The Brazilian Portuguese model is a bit of an extreme showcase (and thus really cool!), as it was trained on a single speaker (entirely recorded by the main author of the paper, Edresson Casanova, who's Brazilian).

The fact that it can do multi-lingual voice cloning at all in that case is already surprising. You can find more details in the project page [0] and paper [1]. And here's the corpus. [2]

[0] https://edresson.github.io/YourTTS/

[1] https://arxiv.org/abs/2112.02418

[2] https://edresson.github.io/TTS-Portuguese-Corpus/

bernardom · on Jan 4, 2022

This is very cool. I recorded myself in Portuguese -> Portuguese and got the same result.

I also did Pt -> En and sounded like... me speaking English, though with some artifacts. VERY cool.

garfieldnate · on Jan 4, 2022

There was a thread a while back about the need for "accent correction," meaning that native speakers with one accent could more easily consume content in the same accent. It looks like the technology exists now! This is worth money. If you find an accent that many people really dislike, the odds are that's it's also very difficult for people to understand that accent (until they are accustomed to it).

actually_a_dog · on Jan 3, 2022

You spoke Portuguese into it and it just changed your accent? That's kinda cool.

themodelplumber · on Jan 3, 2022

I can speak just enough to know how I sound, and was surprised to hear that accent too :D

tambourine_man · on Jan 3, 2022

I'm curious but a bit afraid to test it out.

The idea of having a model of my voice out there that can say whatever is written in a text box is scary.

sillysaurusx · on Jan 4, 2022

FWIW, it's not quite a model of your voice.

The way it works is, a model is trained of all possible voices. Then your specific voice is projected into latent space.

That's why it can mimic your voice with only a few seconds of audio. It's not making a model, but rather using an existing model.

It may seem like a pedantic distinction, but it's why the model isn't as worrisome as it seems. It can't target you specifically, just the average voice near yours.

It's closer to a really talented parrot than a model that can impersonate you on command.
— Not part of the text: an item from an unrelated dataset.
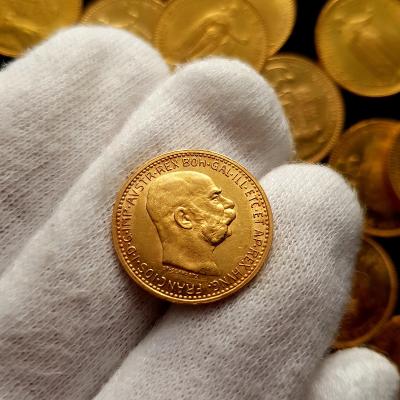 Rakúska 10 Koruna 1910 BZ, František Jozef I., zlatá minca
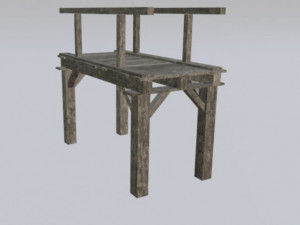 wood bridge assets pack 3D Model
I suspect if you try it out, you'll be surprised it's so far off from your actual voice.

jrumbut · on Jan 4, 2022

I took the leap.

The English->Portuguese sample sounded nothing like me at all except for one syllable where it sounded like it was playing back a brief snip of what I had recorded.

The English->French version did a little bit better, it sounded like the voice had been influenced by mine in some small way.

English->English (saying a very different sentence to what I recorded) was pretty impressive though.

Gigachad · on Jan 4, 2022

It's a little hopeless in the long term. Eventually these models will get so good that they could work with only a small recording of text vs the huge amount of transcribed audio currently needed.

alfiedotwtf · on Jan 3, 2022

My Voice Is My Passport Verify Me

reustle · on Jan 4, 2022

Schwab Bank makes you say "At Schwab, my voice is my password" before every customer support call.

ljm · on Jan 4, 2022

Voice-captchas where you repeat some corporate slogan is a dystopian future I want no part of.

Hitton · on Jan 4, 2022

MCDONALD'S! https://www.reddit.com/r/ABoringDystopia/comments/7k6v05/son...

dawnerd · on Jan 4, 2022

Seriously? I’d run away from that in a heartbeat.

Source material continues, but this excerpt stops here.